We actually issue two queries here, one to load the Children collection, and the second in the Where(). It took a while to figure out what the Where was, but I am pretty sure it is:

image

Which translate the string to a Linq query, which then have to be translated to a string again. To be perfectly honest, I have no idea if this is executed against the database ( I assume so ) or against the in memory collection.

Assuming it is against the database, then we issue the same query again, two lines below that.

And this is in a small sample, think about the implications for a more complex page. When you have most of you data access so abstracted, it is very hard to see what is going on, let alone do any optimizations. And when you are doing data access in the view, the very last thing that the developer has in his mind is optimizing data access.

This is just setting up for failure. Remember what I said about: replace NHibernate with native, optimized SQL calls, this is where it gets interesting.
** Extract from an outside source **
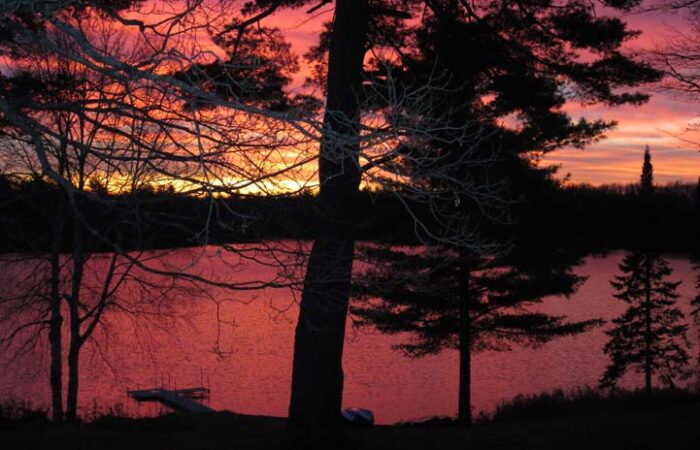 Lodging Newberry, Tahquamenon Falls lodging, Lakeside cottages.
Just about every best practice of NHibernate was violated here, but the major problem is not the NHibernate usage. The major problem is that there is very little correlation between what is happening and the database. And the number of queries that are likely to be required to generate each page are truly enormous.

You don’t issues queries from the view, that is the #1 reason for SELECT N+1, and when you create a system where that seems to be the primary mode of operation, that is always going to cause you issues.

Replace NHibernate with optimized SQL calls, but you are still making tons of direct calls to the DB from the views.

I actually agree with the Umbraco decision, it should be re-written. But the starting point isn’t just the architectural complexity. The starting point should be the actual interface that you intend to give to the end developer.